Да, ествую, бой был! В том бою Смирнова Ивана Ивановича убило, царство ему небесное. Грех большой на моей душе. Порадовался я тогда его смерти, расстрелу страшился. Ох, большой грех! Всю жизнь его замаливаю, а с души снять не могу. Давит.
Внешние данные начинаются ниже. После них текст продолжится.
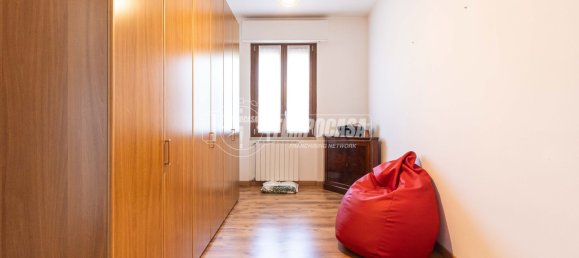 3-Zimmer Haus in Mariano Comense, Italy, Nr. 361479 26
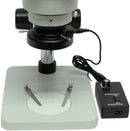 Microscopio Optico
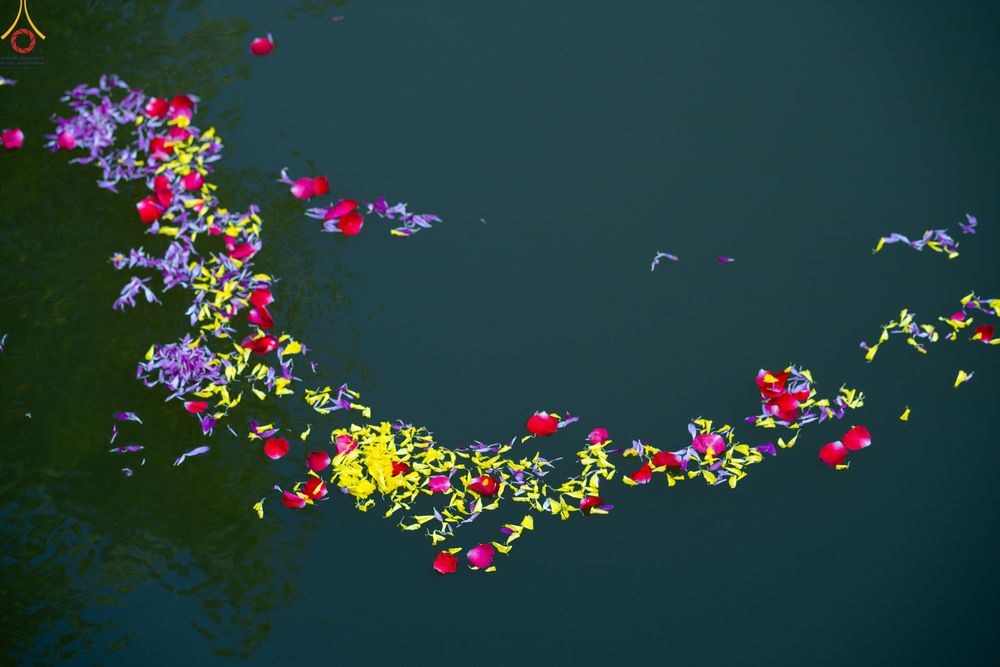 ภาพ No.289751:วันที่ 7 มกราคม พ.ศ. 2569 พิธีต้อนรับพระธรรมยาตรา ณ อนุสรณ์สถานลำดับที่ 2 สถานที่ตั้งมโนปณิธานบวชตลอดชีวิต อนุสรณ์สถานคลองบางนางแท่น อ.สามพราน จ.นครปฐม ในโครงการธรรมยาตรา กตัญญูบูชา มหาปูชนียาจารย์ พระมงคลเทพมุนี(สด จนฺทสโร) พระผู้ปราบมาร อนุสรณ์สถาน 7 แ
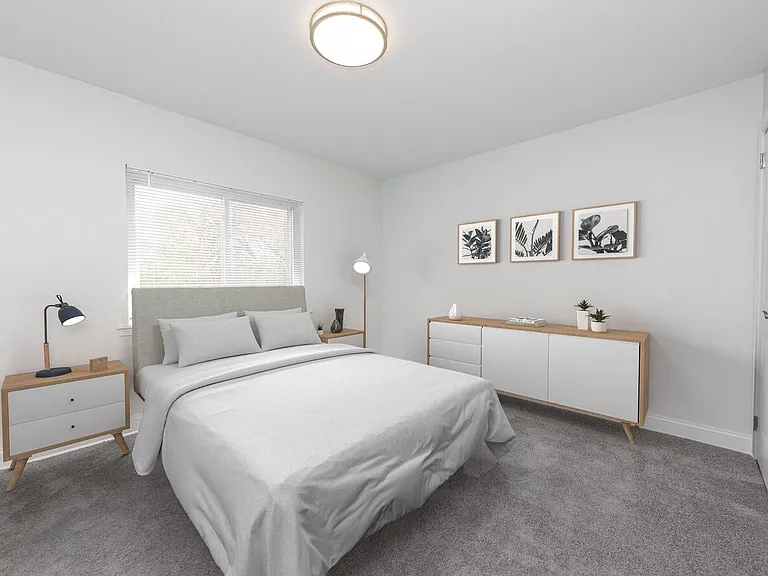 Bedroom-Renovated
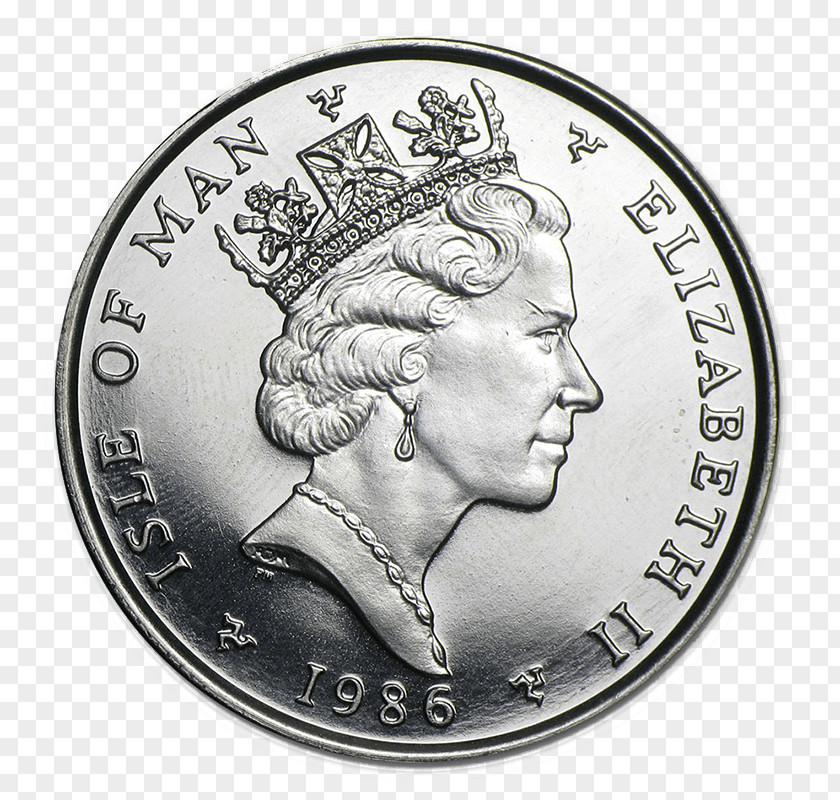 Platinum Coins Noble Bullion Coin Pobjoy Mint PNG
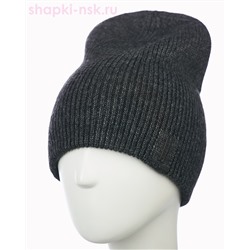 Промис Колпак женский (56-58)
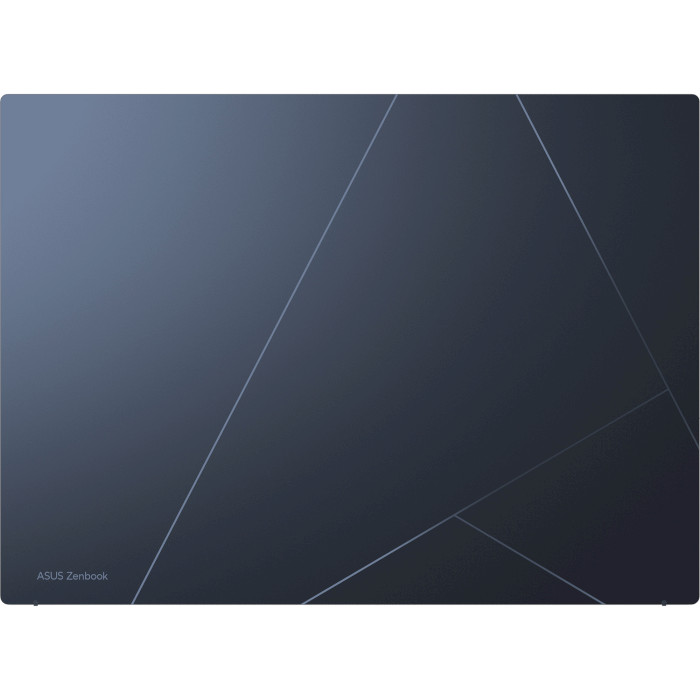 Ноутбук ASUS ZenBook S 13 OLED UX5304MA Ponder Blue (UX5304MA-NQ040W-2)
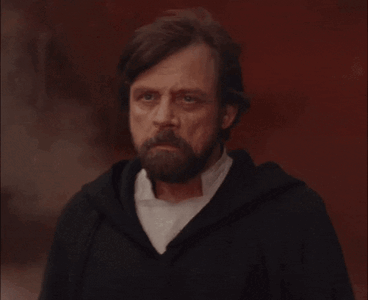 IMG_6473.gif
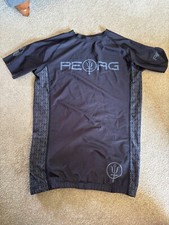 Reorg martial arts for sale  YORK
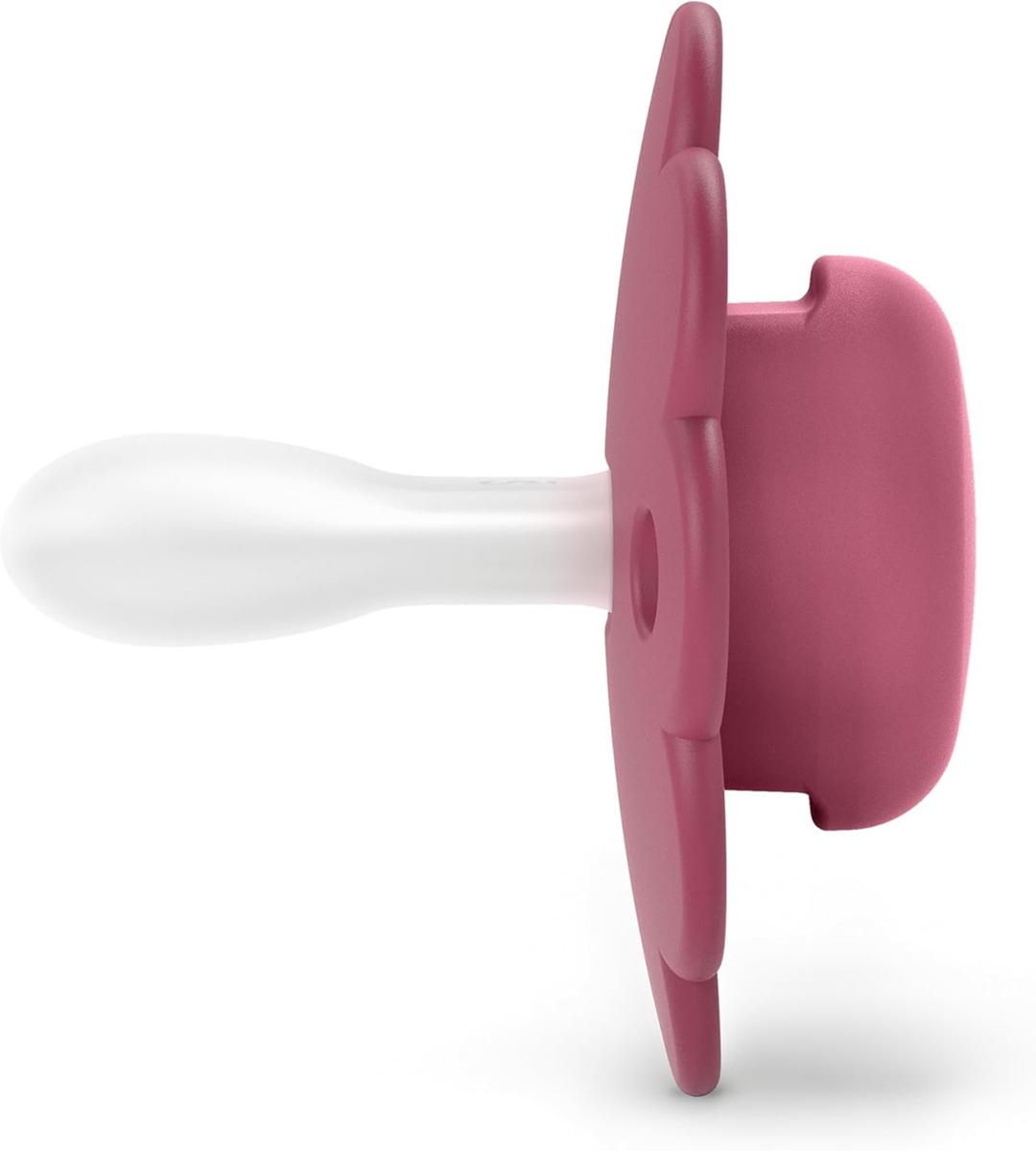 SUAVINEX Wonder sucette apaisante 6-18 mois silicone SX PRO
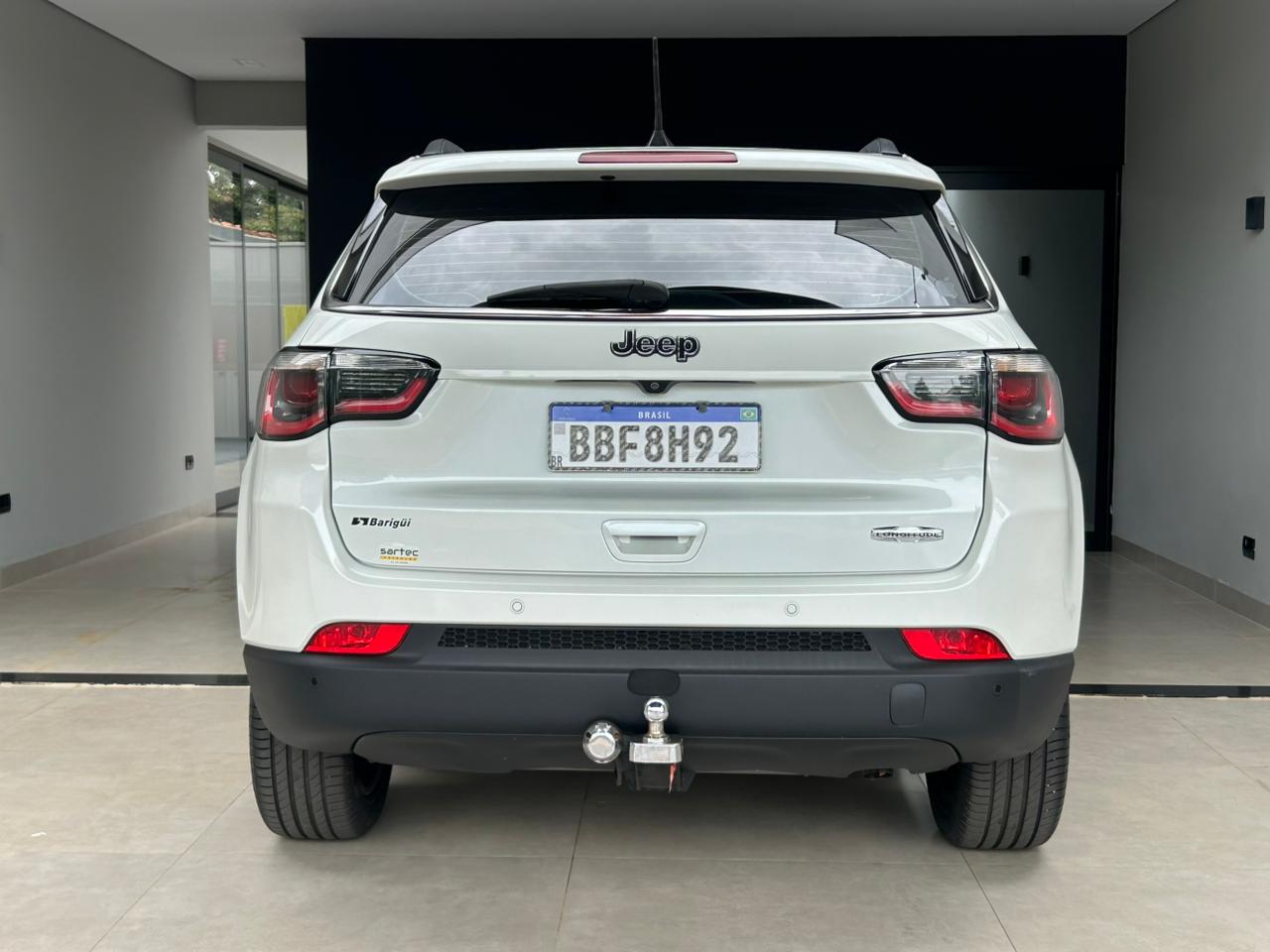 WhatsApp Image 2026-04-13 at 17.01.26 (2)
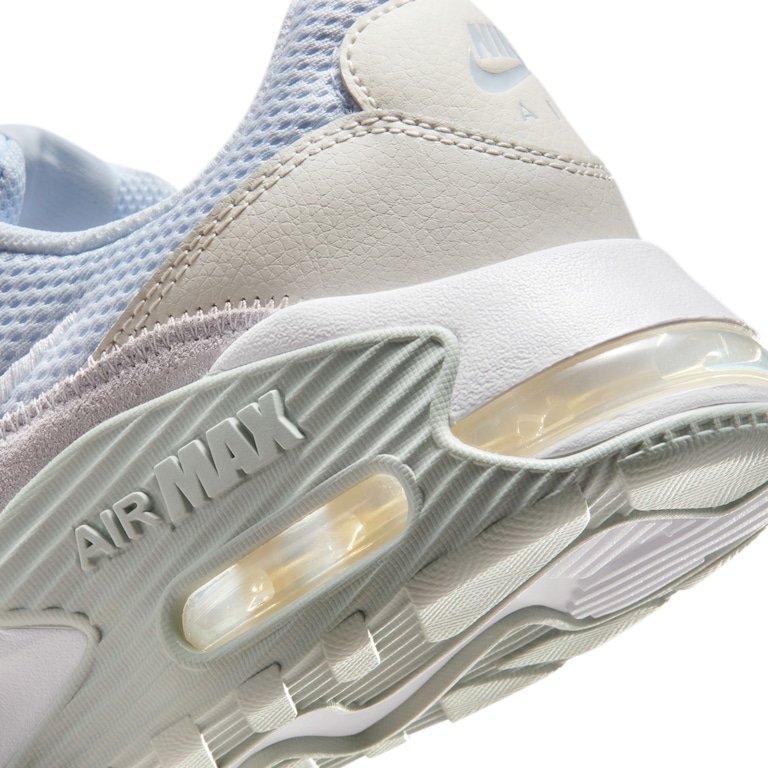 Tênis Nike Air Max Excee Feminino - Foto 8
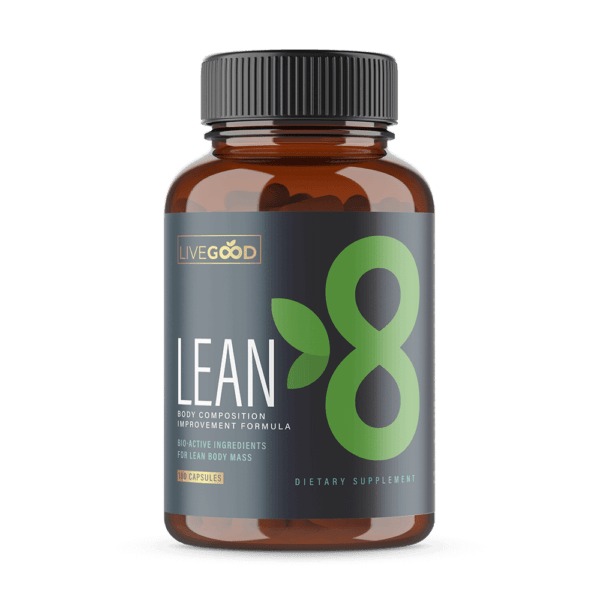 livegood-lean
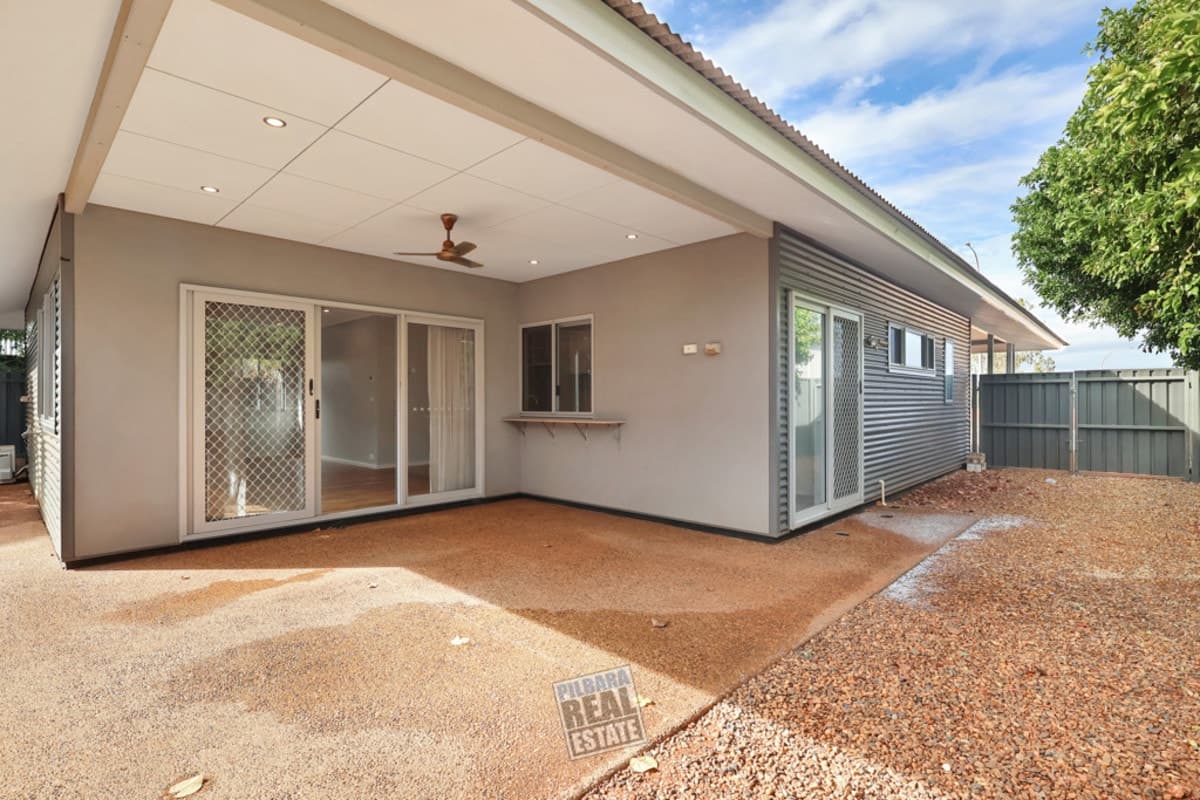 24 Prancing Avenue, Baynton WA, Baynton - Thumbnail 3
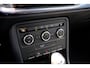 Volkswagen Beetle 1.2 TSI Design Aut. Clima|Cruise|LMV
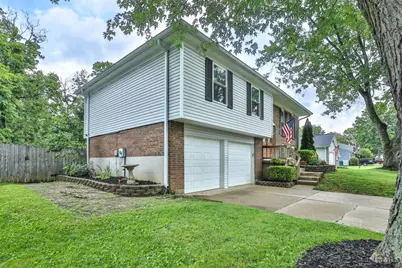 2280 Chesterfield Lane, Batavia Township, OH 45103 - Photo 43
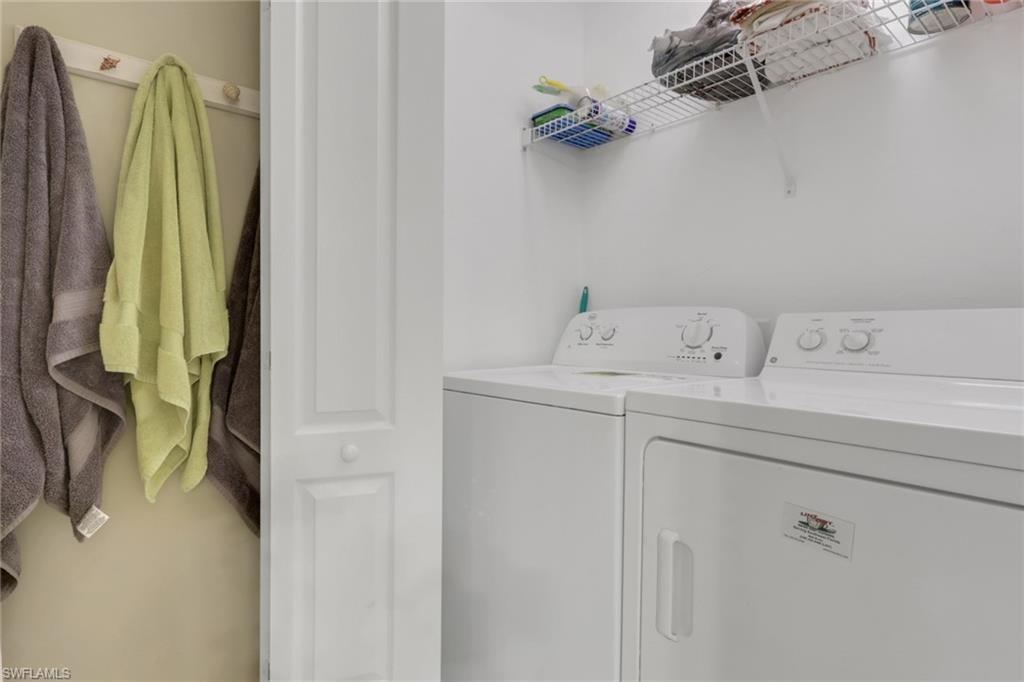 8680 Cedar Hammock Cir 134 Property Photo 20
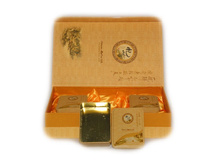 JL-054 ���� 2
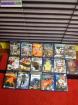 Jeux playstation 2 - Miniature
Царя, комбата нашего, тогда ранило тяжело – в бедро осколком. Разворотило все – страсть! Кабы в начале войны без ноги – ничего, а в конце – худо. Когда грузили его на лодку, я подсоблял. В сознании был, разговаривал. «Вот, – говорит, – Карп, и не довелось мне Берлин посмотреть». – «Да пропади он пропадом, Берлин этот проклятущий, Вася, – говорю. – Ты поправляйся главное, а после войны ко мне на Ловать в Раковку приезжай, я тебя медом угощу и медовухой. Есть у меня такая думка: пчел завести». – «Ладно, – говорит, – прощай». А о расстреле меня, что Смирнов Иван Иванович приказал, – ни звука. То ли забыл, то ли пожалел меня. Пожалел, наверное. Молоденький был еще совсем Царь-то, почитай, моему Кольке ровесник.
За Одер-реку всю батарею нашу к награде представили, а командиру батальона Смирнову Ивану Ивановичу Героя Советского Союза дали. Посмертно.
Меня тоже наградили медалью. Эвон глянь, «За отвагу», висит на стене. За Одер-реку награда.
8
Солнце уже скрылось за лесом, когда мы с Карпом Ивановичем вышли из его изобки и по узкой извилистой тропке, пробитой в густой траве, спустились к реке, уселись под развесистым кустом ракитника на толстый сук дерева, отполированный стариковыми штанами до блеска. Потемневшая Ловать ворчала на перекатах, горбатилась валунами, искрящимися серебром. Впереди, на светлой песчаной косе, стоял Вовка и помахивал спиннингом.
Карп Иванович размотал удочку, насадил на крючок червя, швырнул его к тростнику. Потом неожиданно насторожился, приложил согнутую ладонь к уху, прислушался. Я тоже прислушался: где-то вдалеке тарахтел мотор.
– Никак Колька мой на мопеде? – проговорил старик, весь уйдя в слух.
Нет, это был не Колька. Из-за песчаной косы показался моторный челн и, ловко лавируя меж камней, приблизился к нам.
– Привет, Карп Иванович! – раздался голос с челна. – Живой еще?
– Здравствуйте! – живо откликнулся старик, приподнимаясь. – Слава богу, живой. А вы кто будете? Из Холма?
Но челн уже протарахтел мимо, и ответа мы не услышали. Невысокая темная волна набежала на берег, шевельнула кусты ракитника и отхлынула назад, засеребрившись.
– Никак Нюрки Пахомовой мужик? – вслух подумал старик. – Это который рыбу толом глушил в Михайловой заводи. В отпуск, видать, из Мурманска приехал. Куды ить он попер на моторе, а?
Давно не доводилось мне видеть такого теплого, недушного и безветренного вечера. Земля парила сладким терпким ароматом, от которого першило в горле и слезились глаза. «Цветочная пыльца», – догадался я. Воздух сгущался и казался теплым парным молоком, но сверху едва ощутимыми волнами уже оседала прохлада.
– Медовые росы пали, – тихо произнес старик, стряхивая с листа крупные росные капли себе на ладонь. – Пчелы нынче дотемна трудиться будут, а завтра чуть свет полетят. Хороший взяток возьмут.
Последние отблески невидимого солнца скользнули по вершине холма, высветлили изобку Карпа Ивановича, и она вдруг молодо сверкнула оконцем. Но тотчас потемнела, ушла в землю, и лишь розовые заросли иван-чая, любителя гарей и пустырей, подковой сжимали ее.